Child welfare systems, multi-disciplinary child fatality review committees child welfare scholars and child advocates have invested enormous time and resources for decades in attempts to learn from suspected child maltreatment (CM) fatalities how to prevent (or greatly reduce) deaths of children with open child welfare cases and among children without CPS reports prior to death. Nationally, these efforts have failed according National Child Abuse and Neglect Data System (NCANDS) statistics (see graphic).

 

It should be noted that NCANDS statistics are imperfect. A few states may not report fatalities

during a fiscal year, and even when all states submit CM fatality data, it’s likely that official data

is a large undercount of maltreatment fatalities for various reasons, e.g., classifying neglect

related deaths as accidental.


There is a possibility that the steady increase in child maltreatment fatalities reflected in

NCANDS data is the result of improved detection and more accurate reporting of child mal-

treatment deaths rather than increased incidence, if so, states that have invested in better

detection and reporting of CM fatalities should show significant progress in reducing sus-

pected CM deaths if their reform initiatives are working. There may be some states that have

made notable progress in reducing CM fatalities. If so, I am not aware of them. In Washington

State, there has been little or no change in the number of annual child fatality reviews (CFR)

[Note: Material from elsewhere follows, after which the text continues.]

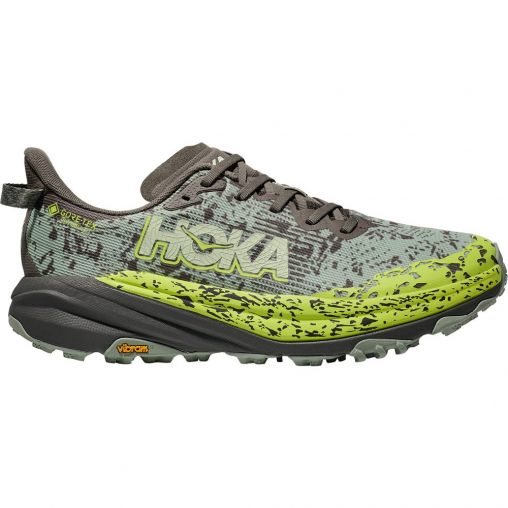 HOKA - Speedgoat 6 GORE-TEX® Trailrunningschuhe Herren slate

during the past decade, an average of 15 per year. In addition, there has not been a noticeable

change in the themes, findings, and recommendations of the CFRs from year to year. I find no

reason to believe DCYF is applying lessons from CFRs. This is not fault of the reviews, most of

which are balanced and insightful, though limited by the agency’s policy framework. 


It appears that DCYF, like other U.S. child welfare systems, has difficulty learning from its vast

experience with child protection even when the lives of children are at stake.

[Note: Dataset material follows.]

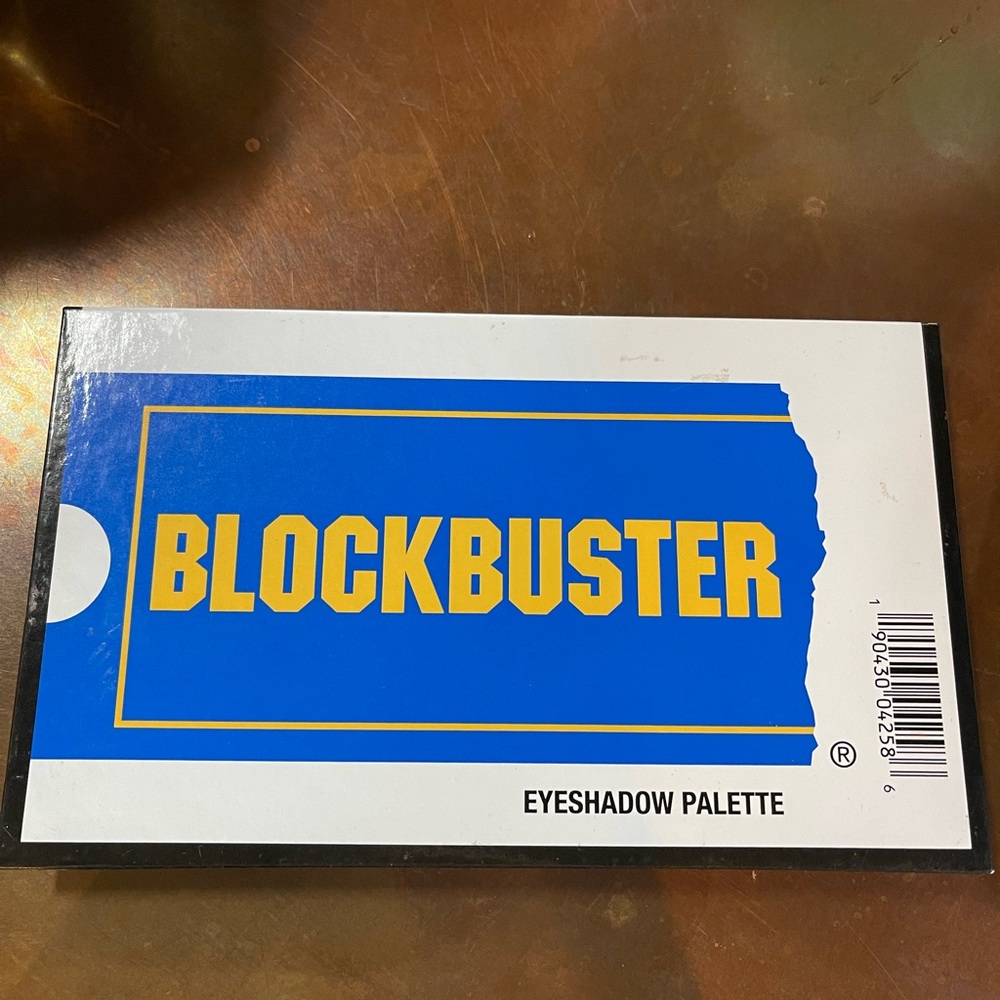 NEW Blockbuster eyeshadow palette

Child welfare reform following child maltreatment deaths


Until recent years, child welfare reform initiatives in most states and large county administered systems have typically followed a high-profile child maltreatment death or multiple deaths as outlined in news stories. Agency leaders have then convened multidisciplinary committees of prestigious professionals to review the circumstances of suspected child maltreatment deaths in order to increase public confidence that the CFR is objective, well informed and not influenced by pressure from the public agency to cover up performance problems or questionable decisions.

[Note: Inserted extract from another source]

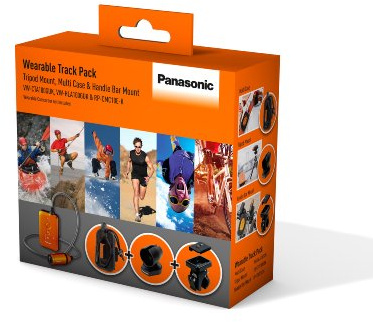 Panasonic Tripod Mount, Multi Case and Handle Bar Mount for HX-A100E and HX-A500E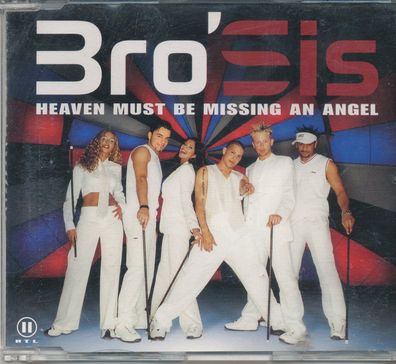 CD-Maxi: Bro´Sis: Heaven Must Be Missing An Angel (2002) Cheyenne Records 570 835-2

CFR’s usually contain recommendations for changes in practice or policy which the review team believes may have prevented a child death and similar deaths. Top managers commonly endorse the committee’s findings and proceed to develop a reform initiative which contains most of the recommendations, and usually other reforms as well.

 

Two or three decades ago, this process was repeated every few years and then more frequently in many states where a new reform initiative was often initiated before the prior initiative had been completed. In some instances, policymakers enacted law named after a deceased child, e.g., Sirita’s law in Washington. It soon became apparent to some scholars, advocates, and managers that developing policy based on the circumstances of a specific child death was not a sound way to improve practice. Some states instituted annual reviews of all child deaths, or child deaths viewed as preventable, while in other states (including Washington), the legislature mandated a review of all suspected child maltreatment deaths known to the public child welfare agency within a specific time frame, e.g., an open case within the the 12 months preceding the child’s death.


More is not better


In medium to large state systems or large county administered systems, the number of recommendations from CFR’s quickly accumulated, and external organizations such as a Children’s Ombuds office, or a child welfare advisory committee, tracked agency implementation of dozens or even hundreds of recommendations from past CFRs. A former director of one of the largest county operated child welfare agencies in the U.S. once told me that, in the agency he managed, there were several hundred recommendations from CFRs within a decade, most of which recommended new training programs, and that most of these recommendations were ignored and then quickly
forgotten by agency staff.


Child welfare directors and regional administrators are under persistent pressure from the federal Children’s Bureau, legislators, stakeholder and child advocates to support and implement multiple reforms, many of which do not come from CFRs. One of the challenges all child welfare managers face is managing the pace of change in understaffed agencies subject to demands for reform from multiple directions. Recommendations from large numbers of CFRs add to these pressures and, as a result, may be resented
by managers savvy enough to refrain from saying publicly about a reform initiative: “This is too much.”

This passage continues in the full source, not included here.